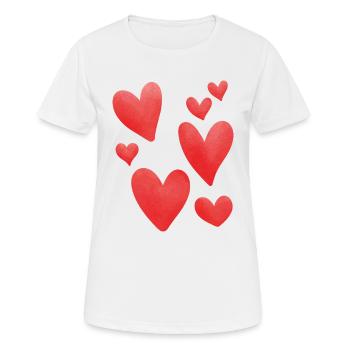 Herzen Rot - Frauen T-Shirt atmungsaktiv - Weiß - Vorne - AI Model Female 172 dark (172cm)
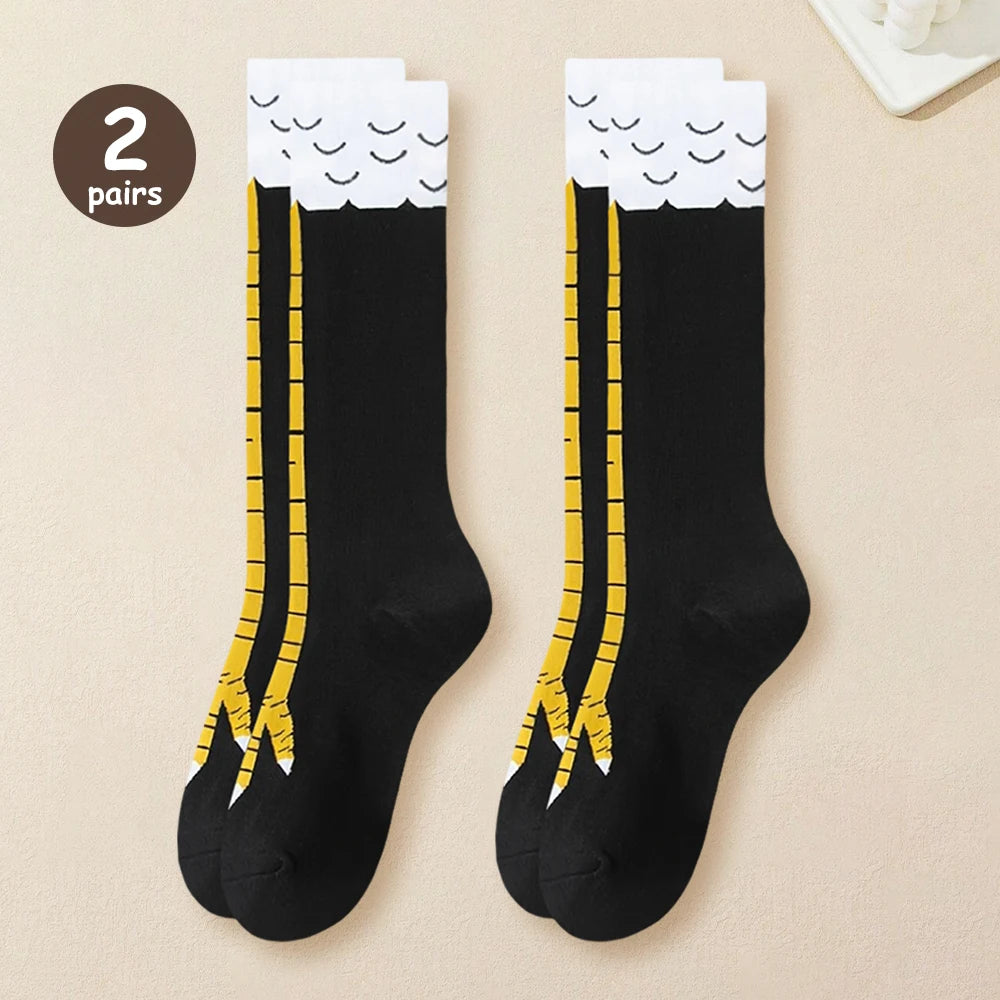 1/2/5/10 Pairs Women Knee High Socks Trendy Cartoon Funny Chicken Claw Socks Fitness Sport Casual Slim Leg Long Tube Socks Women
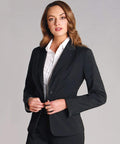 Benchmark Corporate Wear BENCHMARK Women's Poly/Viscose Stretch Stripe One Button Cropped Jacket M9208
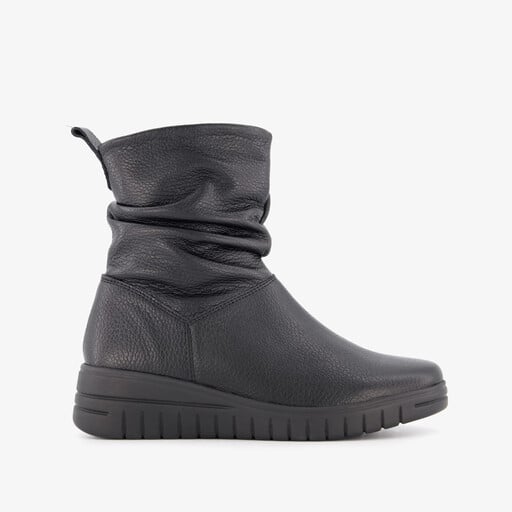 Leren dames enkellaarsjes zwart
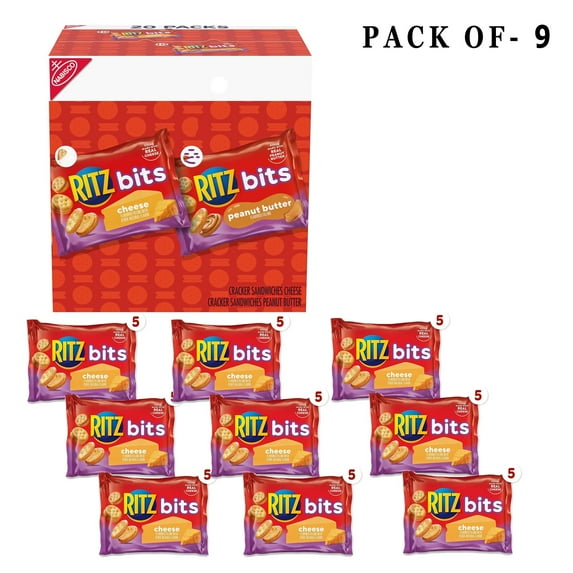 Pack Of 9 Ritz Bits Cheese Cracker Sandwiches Made With Real Cheese | 1 Oz Per Pack | GOLDENROW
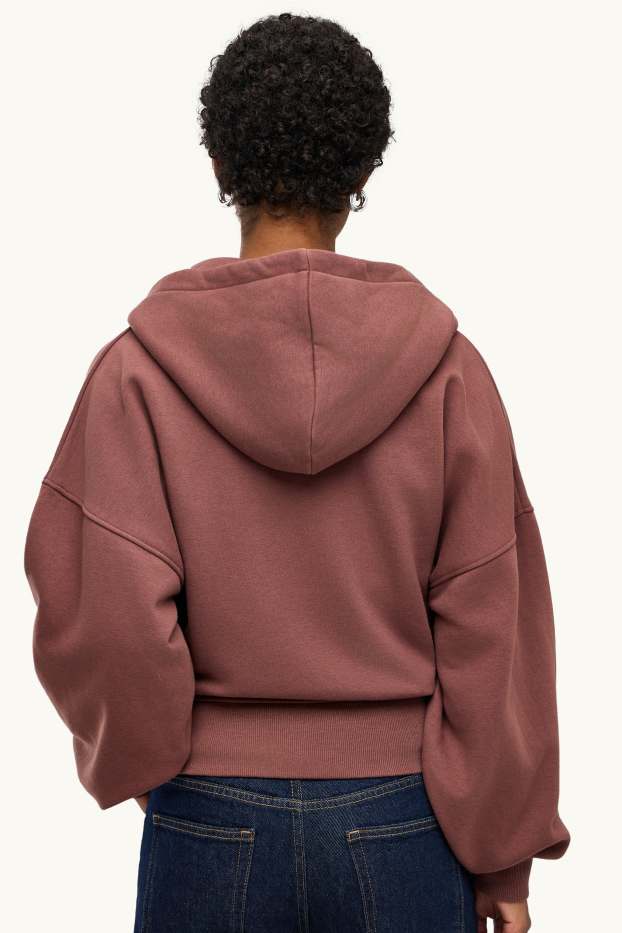 Damen - Sweatjacke mit Kapuze - rostbraun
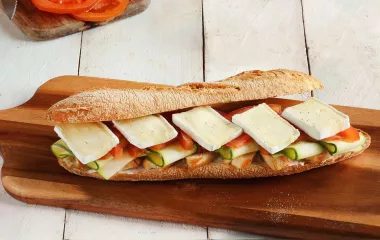 Brie, zucchini, and chicken sandwich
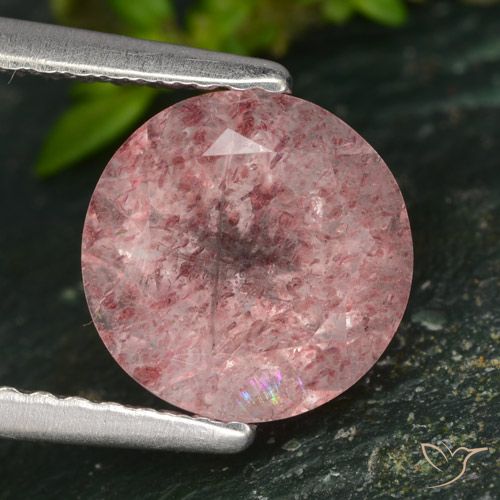 1.96ct Natural Rosa rosado Cuarzo fresa, Redondo, Translúcido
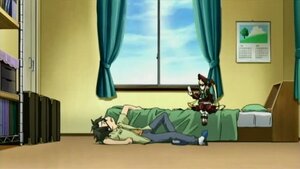 Rating: Safe Score: 0 Tags: bed black_hair curtains glasses image indoors lying multiple_boys sakurada_jun shinku solo window User: admin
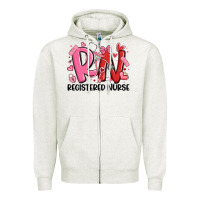 Oatmeal Heather rn registered nurse valentines day Zipper Hoodie - MaliasSmallBusiness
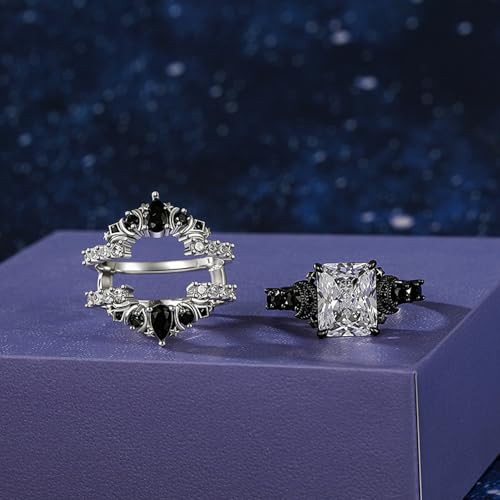 Jeulia Luna Astra Stackable Wedding Ring Set for Women, 5.2 CT Lab Created Cz Engagement & Bridal Bands, Moon and Star Radiant Cut Design in 925 Sterling Silver, Gift Box3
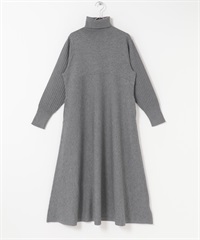 高領設計袖洋裝(灰色-FREE-GRAY)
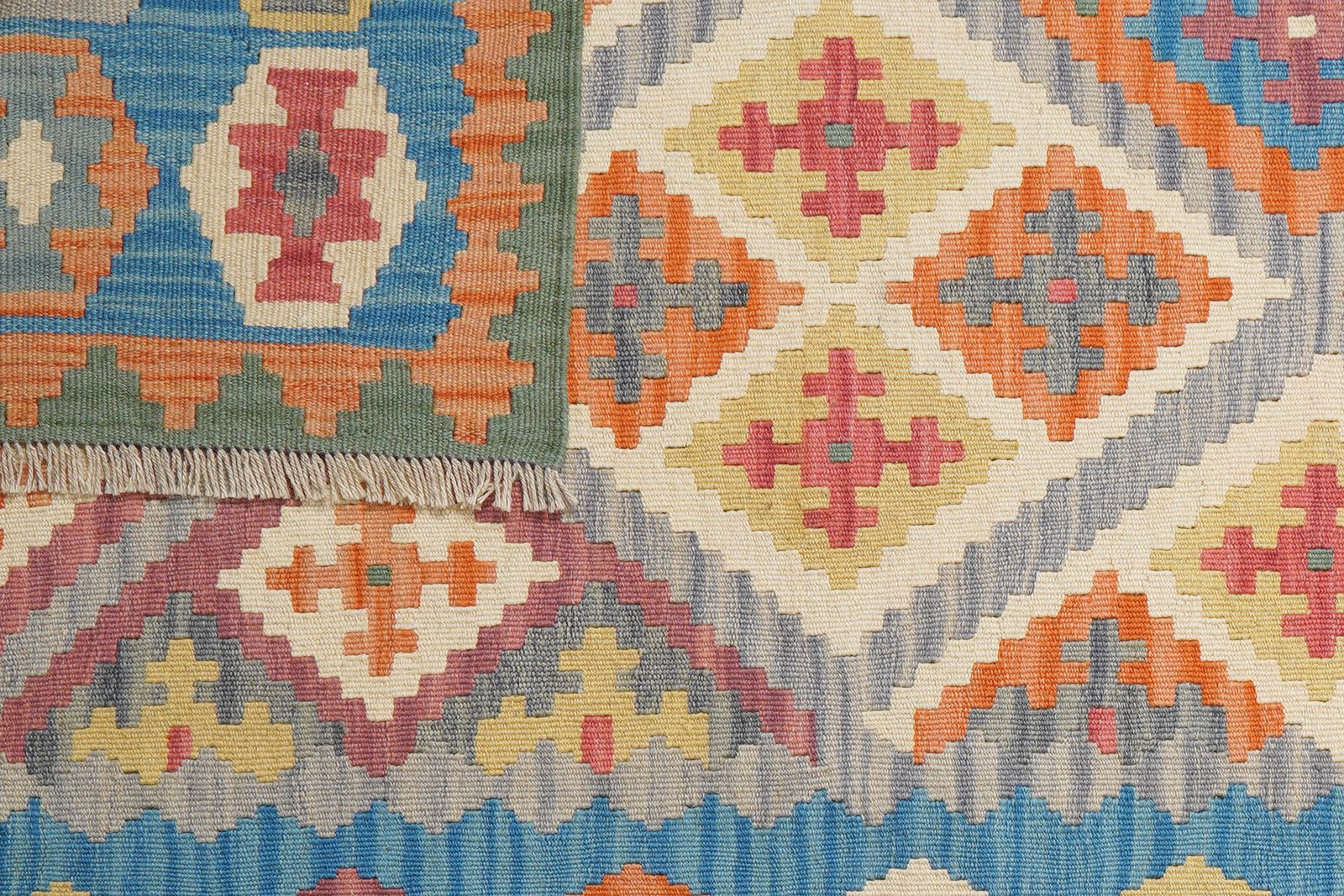 Kelim Gashgai — Handmade, 123x176 cm, Grey, 100% Virgin Wool | View 6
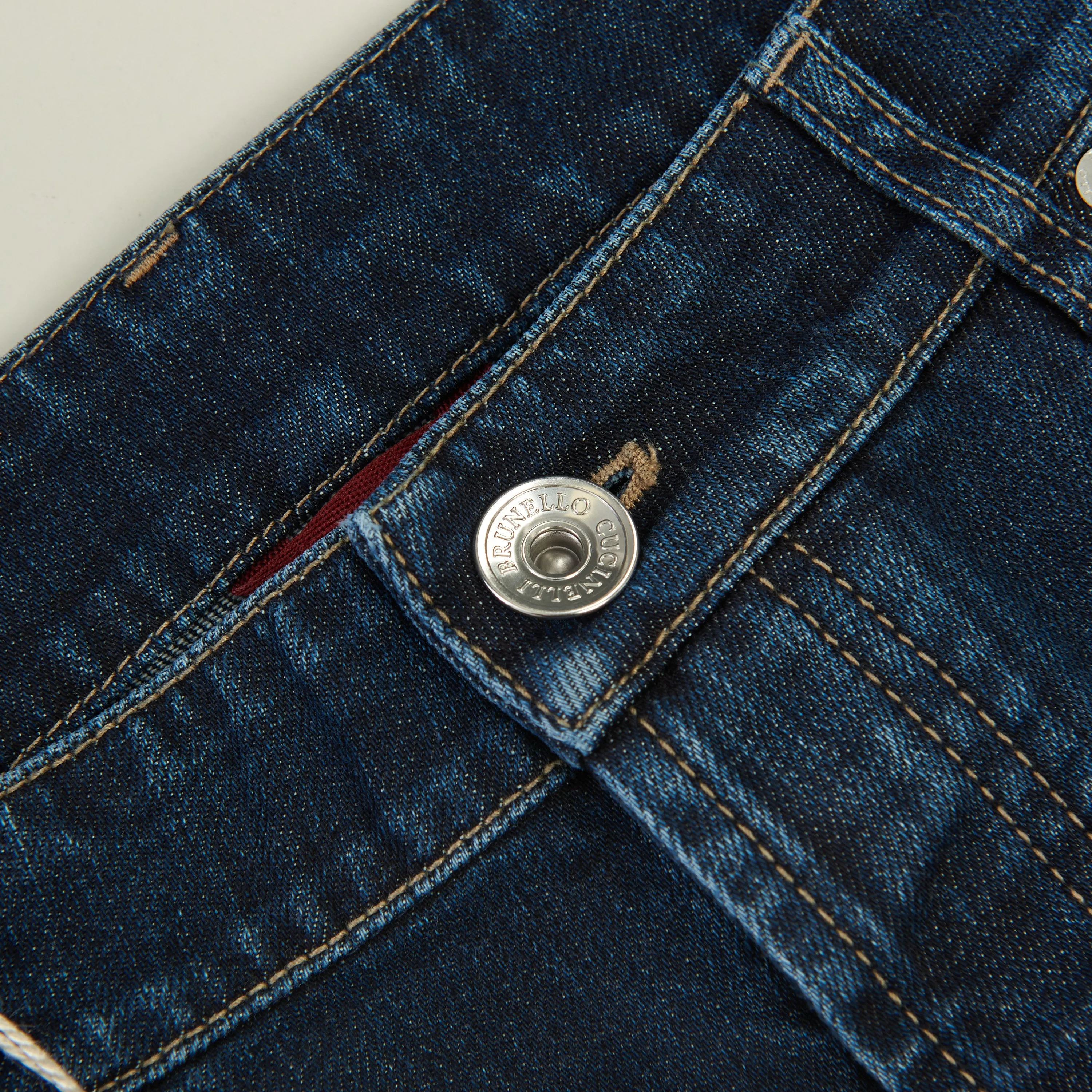 Slim Fit Five Pocket Jeans Trousers In Dark Blue Denim
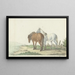 a brown and white horse on a path next to a fence - Jean Bernard — framed artwork on a wall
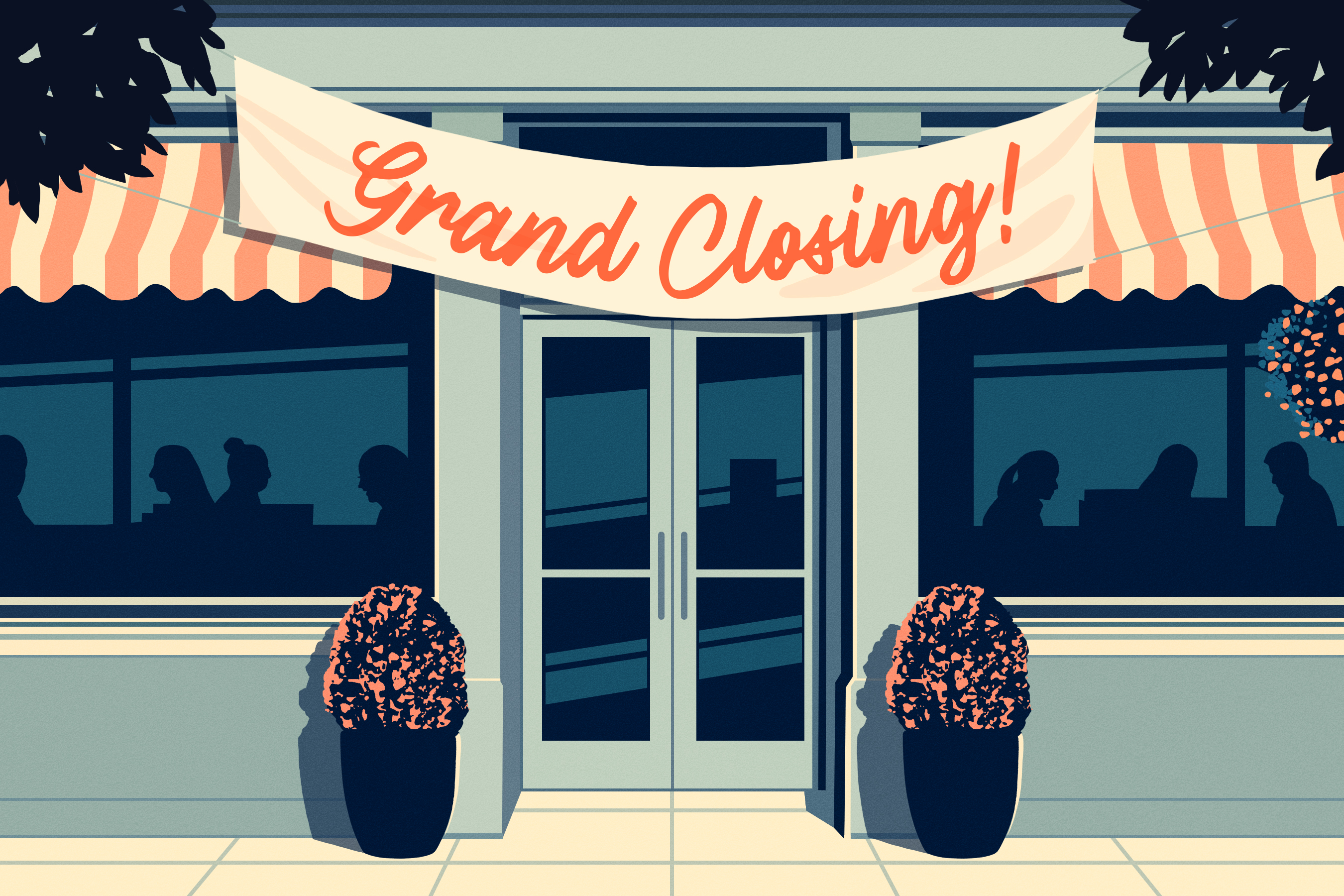 An illustration of a restaurant closing.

- - -

Retype all entries exactly, without the images.

COMPLETED TASK:
 Herzen Rot - Frauen T-Shirt atmungsaktiv - Weiß - Vorne - AI Model Female 172 dark (172cm)
 1/2/5/10 Pairs Women Knee High Socks Trendy Cartoon Funny Chicken Claw Socks Fitness Sport Casual Slim Leg Long Tube Socks Women
 Benchmark Corporate Wear BENCHMARK Women's Poly/Viscose Stretch Stripe One Button Cropped Jacket M9208
 Leren dames enkellaarsjes zwart
 Pack Of 9 Ritz Bits Cheese Cracker Sandwiches Made With Real Cheese | 1 Oz Per Pack | GOLDENROW
 Damen - Sweatjacke mit Kapuze - rostbraun
 Brie, zucchini, and chicken sandwich
 1.96ct Natural Rosa rosado Cuarzo fresa, Redondo, Translúcido
 Rating: Safe Score: 0 Tags: bed black_hair curtains glasses image indoors lying multiple_boys sakurada_jun shinku solo window User: admin
 Oatmeal Heather rn registered nurse valentines day Zipper Hoodie - MaliasSmallBusiness
 Jeulia Luna Astra Stackable Wedding Ring Set for Women, 5.2 CT Lab Created Cz Engagement & Bridal Bands, Moon and Star Radiant Cut Design in 925 Sterling Silver, Gift Box3
 高領設計袖洋裝(灰色-FREE-GRAY)
 Kelim Gashgai — Handmade, 123x176 cm, Grey, 100% Virgin Wool | View 6
 Slim Fit Five Pocket Jeans Trousers In Dark Blue Denim
 a brown and white horse on a path next to a fence - Jean Bernard — framed artwork on a wall
 An illustration of a restaurant closing.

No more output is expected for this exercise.